Kinetic model of the sustained discharge excitation of the cadmium mercury excimer

Abstract

The results of a theoretical investigation of the discharge excitation of the CdHg* excimer are presented. Estimates are obtained for the efficiency of production of CdHg*, which has potential as an energy‐storage medium for the amplification of light pulses at 470 nm. A time‐independent analysis using a Boltzmann code was performed on a Cd, Hg mixture with an argon buffer. Seven atomic levels were considered in both Cd and Hg. A very high efficiency is obtained for excitation of the Cd(³P_0,1,2) manifold from which the CdHg* excimer forms. The optimum E/N value for the mixture Cd : Hg : Ar=1 : 4 : 20 is 8×10⁻¹⁷ V cm². The small value of the calculated Townsend coefficient at this E/N value required the consideration of an electron beam as the primary source of ionization. A detailed kinetic model was constructed which included electronic transition rates three‐body association rates, dissociative recombination, biexcimer mixing, and biexcimer quenching. The kinetic equations were solved using the time‐dependent solution of the Boltzmann equation for the electronic distribution function with a source term to account for the production of slow secondary (∼1‐eV) electrons by ionization collisions of the fast (∼100‐keV) primary electrons from the sustainer electron beam with the neutral atoms of the gas mixture.
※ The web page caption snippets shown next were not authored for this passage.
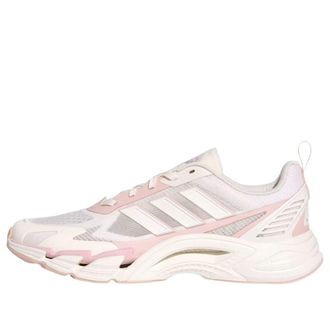adidas (WMNS) adidas Climacool AC White Sandy Pink KJ1709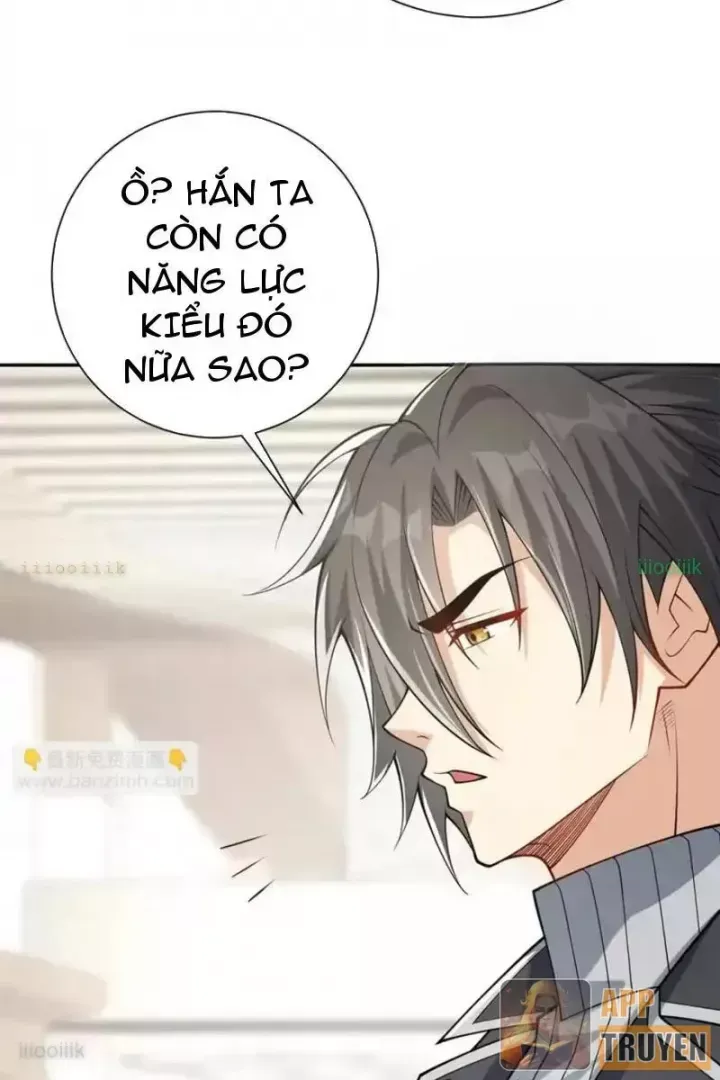 đọc truyện Dị Năng Trùng Sinh Ta Sớm Ở Đỉnh Cao Chương 60 ảnh 15 tại Thiên Thai Truyện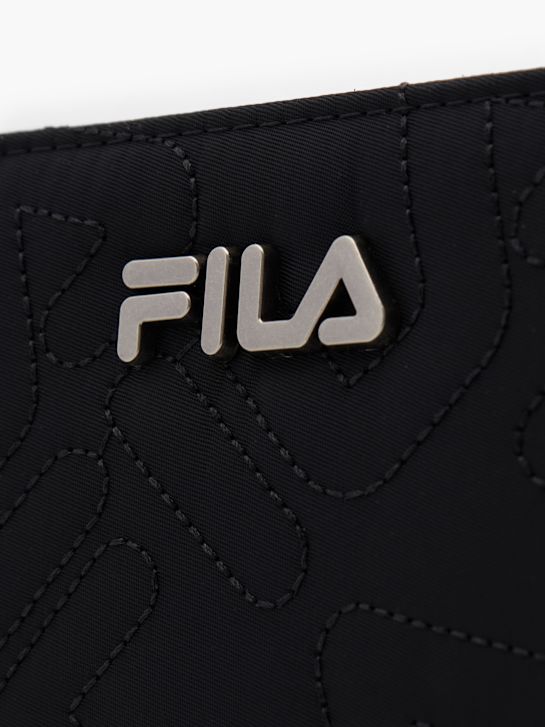 FILA Cartera Negro 78662 5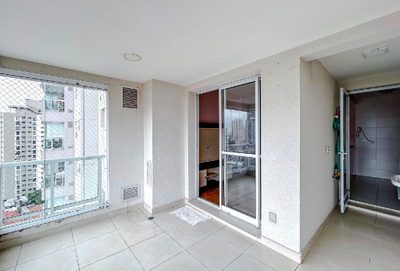 Apartamento, 2 quartos, 68 m² - Foto 3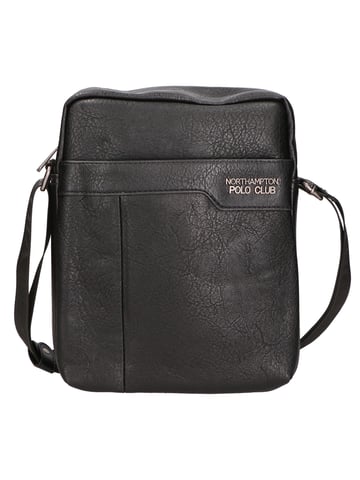 Northampton Polo Club Schultertasche Männer
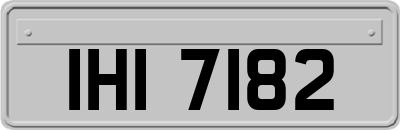 IHI7182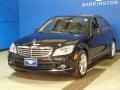 Black - C 300 Luxury 4Matic Photo No. 4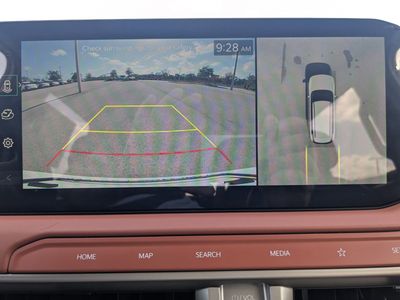 2027 Kia Telluride Hybrid - Photo 30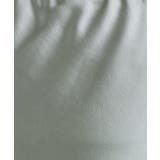 【es】サテンナローイージーロングスカート【洗濯機OK】 | OPAQUE.CLIP | 詳細画像8 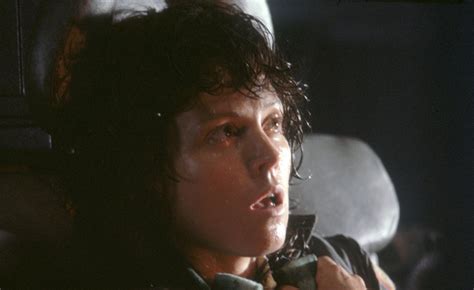 Alien Alternate Ending: Ripley Was Originally Supposed to Die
The effects of superelastic and inelastic collisions were explicitly included in the evaluation of the distribution function. In the case of a Cd : Hg : Ar mixture of 1 : 4 : 20 and Cd density of 5×10¹⁷ atoms/cm³, 40% of the discharge energy was deposited after 1 μsec into the molecular manifold of CdHg*. The sustainer ionization rate was 3.61×10²⁰ electrons/cm³/sec, and the E/N value was 8×10⁻¹⁷ V cm². The stored‐energy density was 7 J/l. A molecular potential diagram for CdHg is given which indicates that 50% of the stored energy could be available for the amplification of subnanosecond optical pulses at 470 nm.